February 8th, 2015 at 9:37 PM ^

People need to start looking at the 2008 Stanford team and not the 2009 team. We are going to be more reliant on our running backs jut like Stanford was on Gerhart. Also to compare our QB's to Andrew freaking Luck is just ridiculous, especially when he is in his 3rd year of the same system.

Also every Offensive Coordinator wants to be multiple and Balanced. The problem with Michigan is 4 different Coordinator's in the last 7 years. Each of them with a different style. If Michigan switch from Debord to Nuss, the transition is much easier then Debord to McGee to Borges to Nuss. All of these switches negates all the Muscle Memory players need to execute. This isn't Madden where you can just pick any play and the guys execute it.

By the time this orange bowl is play Stanford has been running this offense about 4 years, and it's a lot easier to make those little adjustments within on offense when everyone knows what they are doing. This is how I'd imagine the play you are creaming your pants went down. Stanford has run to the play side multiple times that game, not to mention the countless other times they ran it in other games. The left tackle either in the huddle, or on the sideline before the series told the offense when they are meeting on the sideline while the d is playing that the backside DE is crashing down hard to the play side and he is having a tough time blocking him.

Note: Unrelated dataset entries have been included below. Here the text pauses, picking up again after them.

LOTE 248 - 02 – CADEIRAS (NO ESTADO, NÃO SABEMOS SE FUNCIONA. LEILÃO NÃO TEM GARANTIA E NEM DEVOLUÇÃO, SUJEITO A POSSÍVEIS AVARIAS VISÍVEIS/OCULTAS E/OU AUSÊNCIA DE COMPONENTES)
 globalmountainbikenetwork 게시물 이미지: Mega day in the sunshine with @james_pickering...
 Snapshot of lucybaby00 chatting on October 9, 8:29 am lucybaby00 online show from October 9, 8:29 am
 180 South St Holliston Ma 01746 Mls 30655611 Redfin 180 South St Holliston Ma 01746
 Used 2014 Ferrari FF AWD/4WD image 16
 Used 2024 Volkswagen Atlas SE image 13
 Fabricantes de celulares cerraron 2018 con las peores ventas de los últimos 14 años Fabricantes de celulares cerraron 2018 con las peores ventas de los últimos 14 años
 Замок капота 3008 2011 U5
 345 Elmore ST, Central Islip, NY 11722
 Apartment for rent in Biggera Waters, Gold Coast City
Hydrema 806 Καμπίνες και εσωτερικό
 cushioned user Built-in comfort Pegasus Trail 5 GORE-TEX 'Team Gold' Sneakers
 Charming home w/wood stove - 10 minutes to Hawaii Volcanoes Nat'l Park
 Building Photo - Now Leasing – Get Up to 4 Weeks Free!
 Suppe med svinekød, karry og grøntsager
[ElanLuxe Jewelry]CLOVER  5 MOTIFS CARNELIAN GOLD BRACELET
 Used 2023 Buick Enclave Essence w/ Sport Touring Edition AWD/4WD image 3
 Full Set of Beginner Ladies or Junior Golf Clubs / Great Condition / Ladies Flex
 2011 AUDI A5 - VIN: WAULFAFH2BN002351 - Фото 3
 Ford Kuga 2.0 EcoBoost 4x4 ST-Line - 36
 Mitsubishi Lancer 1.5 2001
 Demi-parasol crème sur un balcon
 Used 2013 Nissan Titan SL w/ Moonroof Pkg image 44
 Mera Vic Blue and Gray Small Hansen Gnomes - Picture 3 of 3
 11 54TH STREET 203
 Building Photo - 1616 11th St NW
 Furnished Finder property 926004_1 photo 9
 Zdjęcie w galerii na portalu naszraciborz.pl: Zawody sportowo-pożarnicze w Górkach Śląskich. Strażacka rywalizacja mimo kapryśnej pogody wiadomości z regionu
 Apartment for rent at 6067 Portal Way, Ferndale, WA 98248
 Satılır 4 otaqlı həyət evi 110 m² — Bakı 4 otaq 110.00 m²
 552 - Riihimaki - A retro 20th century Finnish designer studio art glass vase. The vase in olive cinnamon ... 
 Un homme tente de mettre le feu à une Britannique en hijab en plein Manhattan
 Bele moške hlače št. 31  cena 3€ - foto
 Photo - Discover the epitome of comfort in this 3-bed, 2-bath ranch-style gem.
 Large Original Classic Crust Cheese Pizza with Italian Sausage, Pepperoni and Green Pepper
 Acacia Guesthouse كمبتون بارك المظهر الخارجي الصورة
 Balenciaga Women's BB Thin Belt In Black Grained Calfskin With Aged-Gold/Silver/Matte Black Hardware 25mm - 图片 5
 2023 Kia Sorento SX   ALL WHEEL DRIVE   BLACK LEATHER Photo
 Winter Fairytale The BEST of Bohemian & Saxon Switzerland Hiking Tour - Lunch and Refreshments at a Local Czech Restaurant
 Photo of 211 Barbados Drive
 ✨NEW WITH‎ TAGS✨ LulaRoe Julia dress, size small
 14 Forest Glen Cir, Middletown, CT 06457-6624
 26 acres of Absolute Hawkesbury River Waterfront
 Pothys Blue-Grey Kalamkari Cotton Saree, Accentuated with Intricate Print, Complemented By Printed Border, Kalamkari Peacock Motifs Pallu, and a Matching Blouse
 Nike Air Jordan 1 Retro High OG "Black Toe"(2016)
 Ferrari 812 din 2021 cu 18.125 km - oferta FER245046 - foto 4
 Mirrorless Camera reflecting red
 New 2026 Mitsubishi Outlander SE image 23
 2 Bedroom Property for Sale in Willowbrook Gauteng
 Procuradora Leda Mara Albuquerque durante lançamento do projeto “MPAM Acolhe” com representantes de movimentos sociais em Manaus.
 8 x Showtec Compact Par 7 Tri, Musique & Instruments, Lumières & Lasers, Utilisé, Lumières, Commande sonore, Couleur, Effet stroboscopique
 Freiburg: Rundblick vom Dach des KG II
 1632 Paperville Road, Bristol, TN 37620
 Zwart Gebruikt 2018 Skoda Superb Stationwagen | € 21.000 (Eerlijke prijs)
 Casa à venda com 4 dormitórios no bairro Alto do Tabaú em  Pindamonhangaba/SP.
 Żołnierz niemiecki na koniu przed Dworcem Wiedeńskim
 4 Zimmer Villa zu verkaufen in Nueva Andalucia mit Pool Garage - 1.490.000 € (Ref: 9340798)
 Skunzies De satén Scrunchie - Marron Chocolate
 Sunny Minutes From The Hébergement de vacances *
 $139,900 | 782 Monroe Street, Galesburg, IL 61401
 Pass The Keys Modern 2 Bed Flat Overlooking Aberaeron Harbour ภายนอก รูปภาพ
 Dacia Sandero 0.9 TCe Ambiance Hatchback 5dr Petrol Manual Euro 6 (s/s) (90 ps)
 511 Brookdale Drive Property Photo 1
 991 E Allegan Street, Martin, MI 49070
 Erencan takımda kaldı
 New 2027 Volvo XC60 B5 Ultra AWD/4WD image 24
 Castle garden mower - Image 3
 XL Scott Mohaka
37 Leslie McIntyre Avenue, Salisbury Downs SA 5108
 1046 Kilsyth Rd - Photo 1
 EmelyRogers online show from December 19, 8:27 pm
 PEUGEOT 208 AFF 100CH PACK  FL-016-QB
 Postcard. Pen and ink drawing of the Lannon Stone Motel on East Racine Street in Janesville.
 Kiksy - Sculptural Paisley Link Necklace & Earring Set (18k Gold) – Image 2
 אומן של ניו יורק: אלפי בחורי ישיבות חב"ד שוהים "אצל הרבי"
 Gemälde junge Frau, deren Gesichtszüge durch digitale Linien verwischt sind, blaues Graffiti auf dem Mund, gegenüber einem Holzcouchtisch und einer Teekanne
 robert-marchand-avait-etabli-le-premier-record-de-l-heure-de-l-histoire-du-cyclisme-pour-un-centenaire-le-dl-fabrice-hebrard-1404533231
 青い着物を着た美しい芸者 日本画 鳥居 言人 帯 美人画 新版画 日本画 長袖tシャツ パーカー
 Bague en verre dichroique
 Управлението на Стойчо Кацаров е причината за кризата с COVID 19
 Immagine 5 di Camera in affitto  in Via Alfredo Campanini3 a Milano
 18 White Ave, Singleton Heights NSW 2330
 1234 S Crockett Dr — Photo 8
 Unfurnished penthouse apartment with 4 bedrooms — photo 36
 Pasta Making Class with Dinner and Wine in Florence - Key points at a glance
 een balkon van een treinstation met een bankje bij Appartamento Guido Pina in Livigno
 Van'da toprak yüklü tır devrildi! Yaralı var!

So they tell the running back to read this DE, and if he is crashing cut behind the tackles ass, and if he isn't run the play as it's called. Like Hancock says its execution more so then Harbaugh is this crazy offensive genius.

HANCOCK

February 8th, 2015 at 10:22 PM ^

"Also every Offensive Coordinator wants to be multiple and Balanced."

 

^This is 100% correct. Cannot be stated enough. 

 

Every good Offensive Coorinator wants to be multiple. Everyone wants to be balanced. (With the possible expection of Air Raid guys like Mumme, Leach, Holgorsen, etc...but even those teams strive for balance within their schemes). 

 

The biggest factor that makes or breaks a team is experience, especially when you have a coach who is a good teacher. You can have all the talent in the world, but if your players are in their first season in a particular system, they are gonna struggle while they learn the language, adjustments, etc. It is a process. Like you said, we need to stop looking at Andrew Luck in his third season starting for Stanford. That entire unit was experienced at that point. 

 

I know it seems silly, but (for anyone reading this) think about any time you have done something for 4 years in the same system. This can be school, football, basketball, baseball, whatever. Lets go with school. Maybe your freshman year, you took entry level classes. You had talent in your particular discipline, but your were just beginning your studies. For most of us, it would have been a lot to ask to enroll in 400 level classes as a freshman. But, as the years went by and you gained more experience, you eventually got to the point that you could handle those classes and you succeeded. ....  Now, imagine if you began as a freshman, took all the basic, entry level classes for your major and were just planning to begin the higher level courses when suddenly, you switched majors and had to start over and take the entry level classes for your new major. This would certainly end up taking a few more years than you orginally expected and it would be hard to imagine graduating on your orginal timetable. This is basically what happens when you are a football player and your coaching staff is changed. You are halfway through mastering a particular system and then suddenly everything is changes and you are forced to start all over...and then imagine being someone like Shane Morris. He is going to be playing for his 3rd offensive coordinator in 3 years...basically switching majors after his freshman and sophomore years. It is going to take time for these guys to get used to the new system.

 

We should have some success this year, but we wont see perfection by any means. It simply will not be a finished.

dragonchild

February 9th, 2015 at 10:00 AM ^

I'm not expecting 2015 Michigan to be anything like 2010 Stanford or even 2009 Stanford.  Not sure where I implied that, looking at Stanford's fourth season and all.  We might go 5-7 again our first season as the O-line makes yet another switch if Drevno ditches all their progress on IZ.  I do think it's OK to be excited about what we might have in 2-3 years, though.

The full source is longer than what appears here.